WORKING DATA
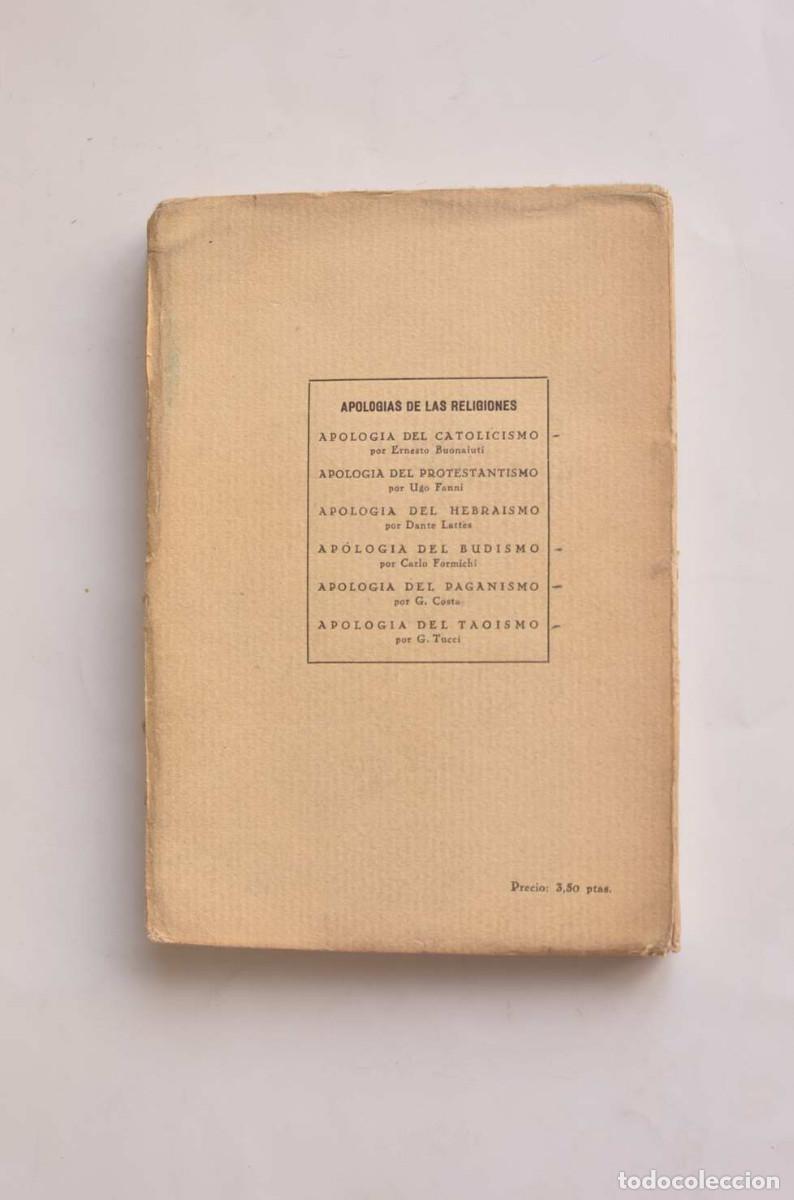Libros: Apolog&iacute;a del Budismo - FORMICHI, Carlo - Foto 5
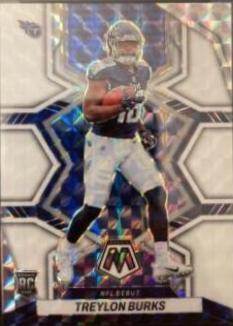 Treylon Burks [White] #279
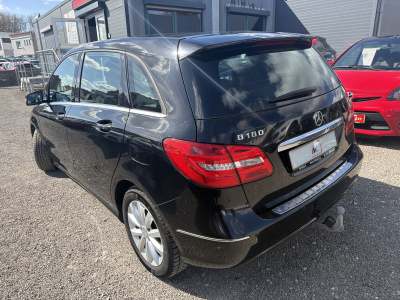 Mercedes-Benz B 180 1.8 CDI  AUTO 110CV AVANTGARDE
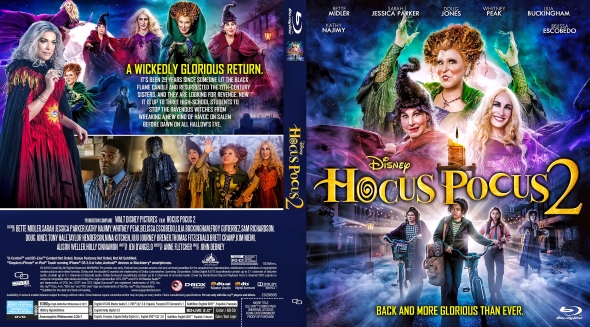 Hocus Pocus 2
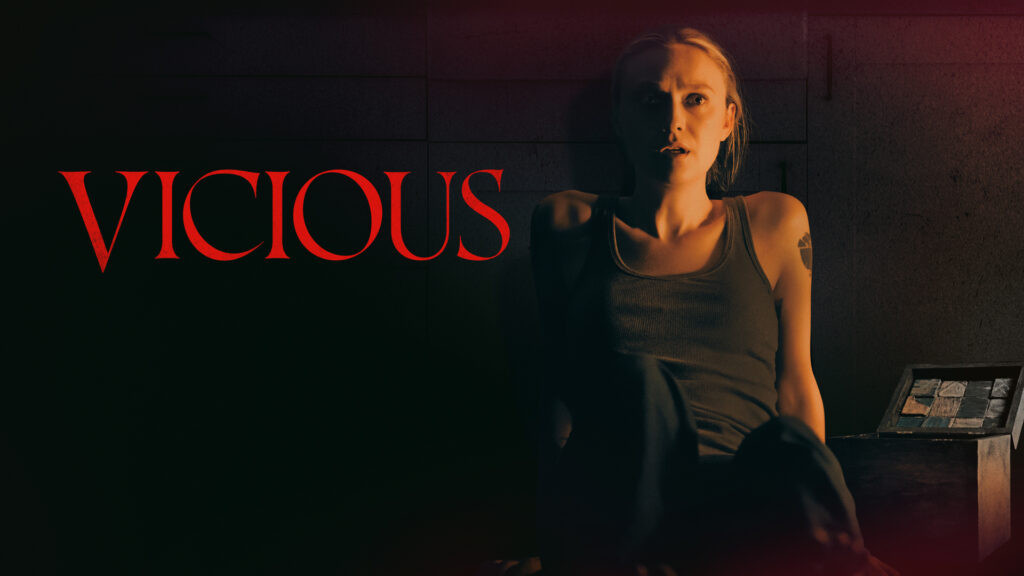 How to watch Vicious (2025) movie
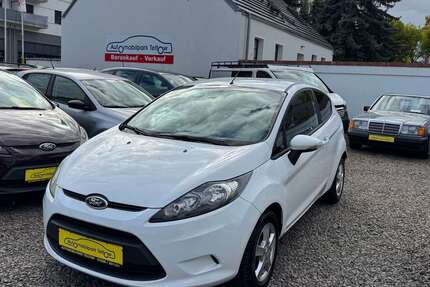 Ford Fiesta 105.000 km 5.555 € Teltow 14513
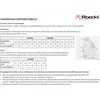 ROECKL Itamos 2 Gelgepolsterter Radhandschuh schwarz Produktbild-Vorschau 3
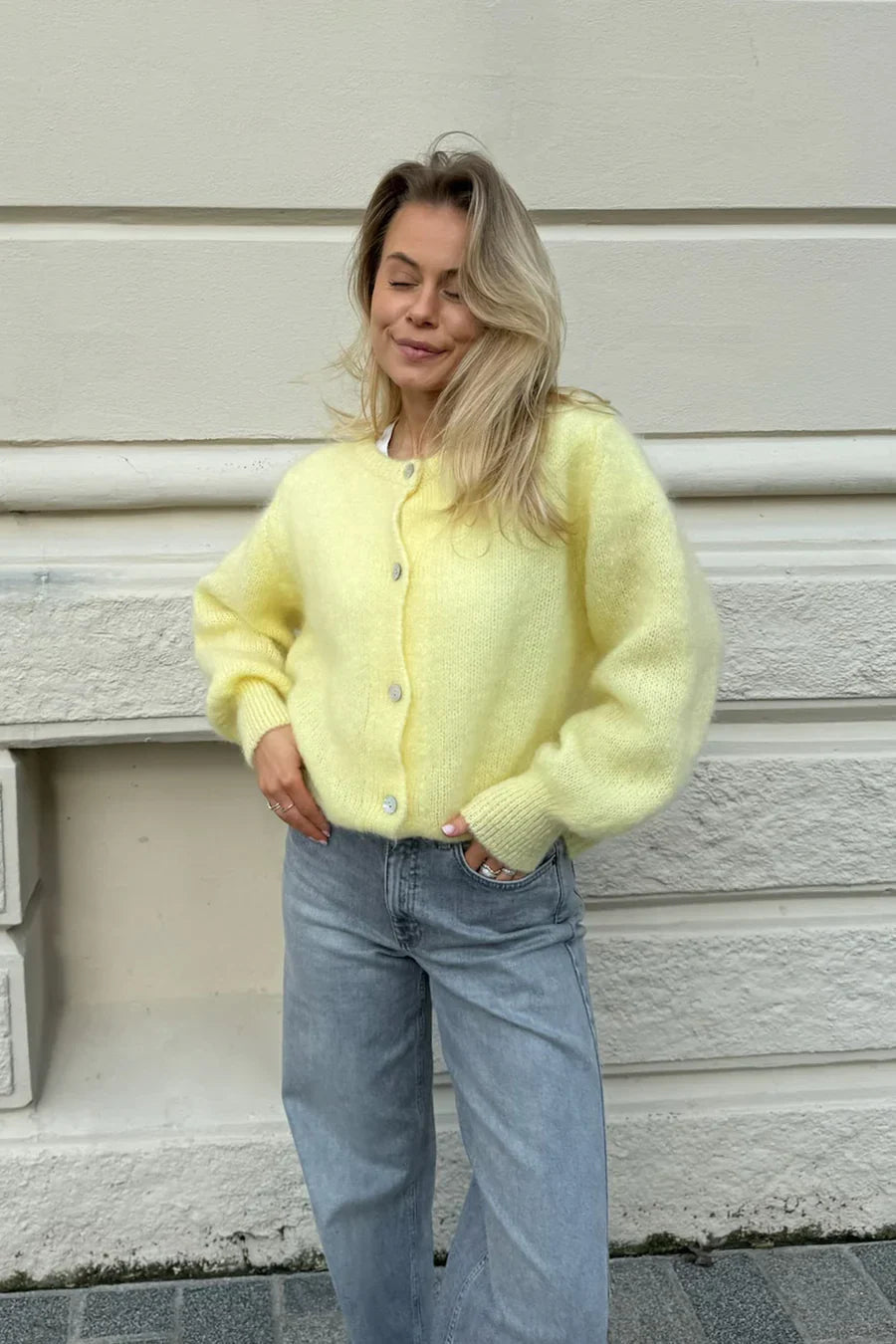 Briella | Casual Knitted Cardigan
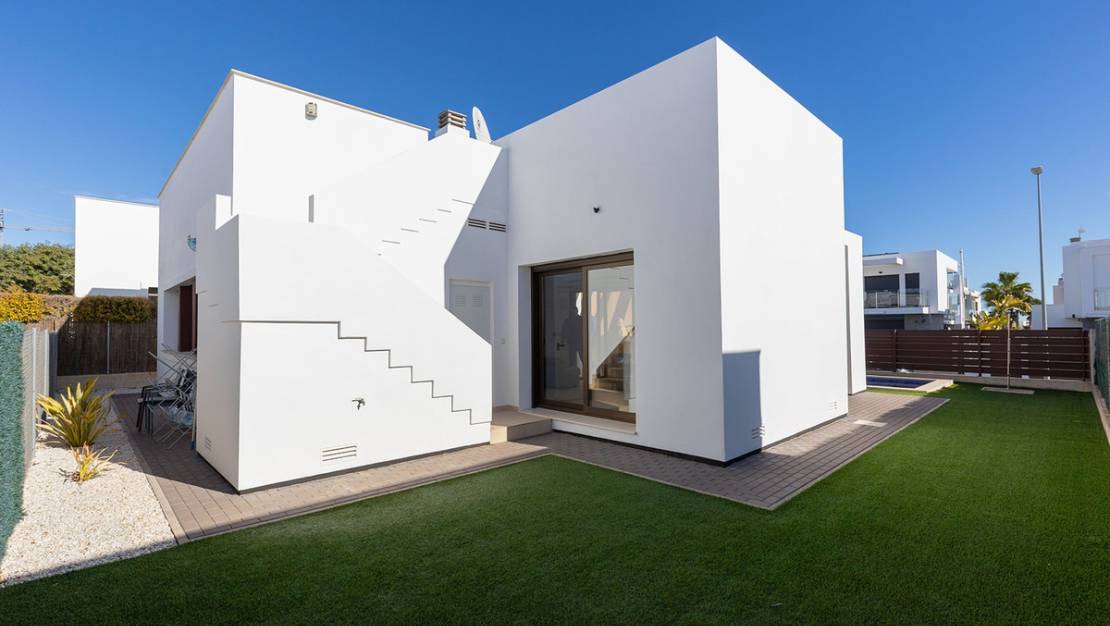 Venta - Chalet - Orihuela - Vista Bella Golf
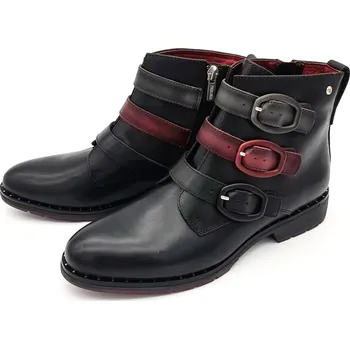 Dámská zimní obuv Dámská kotníková obuv W2U-8511C1 PIKOLINOS černá Barva: černá, Velikost: 39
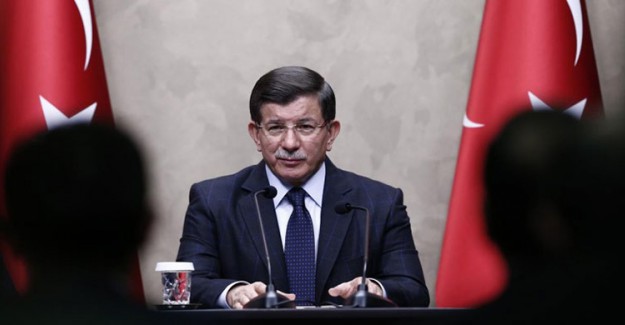 Son Dakika: Ahmet Davutoğlu Basın Açıklaması Yapacak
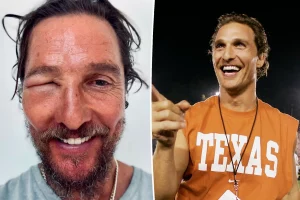 Matthew McConaughey's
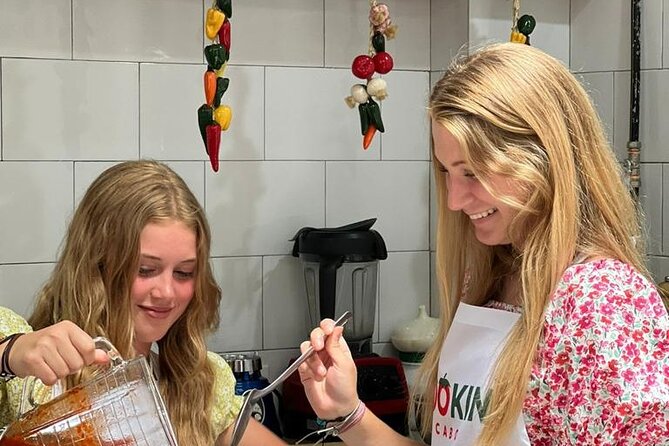 Cabo San Lucas Mexican Cooking Class Experience and Local Markets - Lunch and the “eat together” part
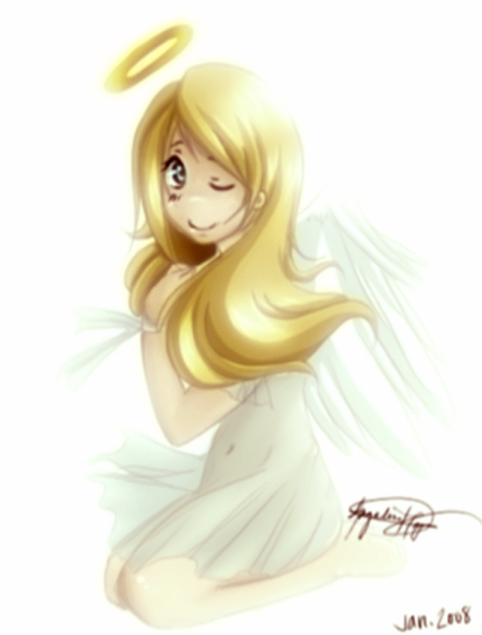 Gift: For Zephyr-Angelz Lily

REQUIRED ACTION
Return the listing verbatim; pictures are not part of the copy.

TASK ANSWER
Libros: Apolog&iacute;a del Budismo - FORMICHI, Carlo - Foto 5
 Treylon Burks [White] #279
 Mercedes-Benz B 180 1.8 CDI  AUTO 110CV AVANTGARDE
 Hocus Pocus 2
 How to watch Vicious (2025) movie
 Ford Fiesta 105.000 km 5.555 € Teltow 14513
 ROECKL Itamos 2 Gelgepolsterter Radhandschuh schwarz Produktbild-Vorschau 3
 Briella | Casual Knitted Cardigan
 Venta - Chalet - Orihuela - Vista Bella Golf
 Dámská zimní obuv Dámská kotníková obuv W2U-8511C1 PIKOLINOS černá Barva: černá, Velikost: 39
 Son Dakika: Ahmet Davutoğlu Basın Açıklaması Yapacak
 Matthew McConaughey's
 Cabo San Lucas Mexican Cooking Class Experience and Local Markets - Lunch and the “eat together” part
 Gift: For Zephyr-Angelz Lily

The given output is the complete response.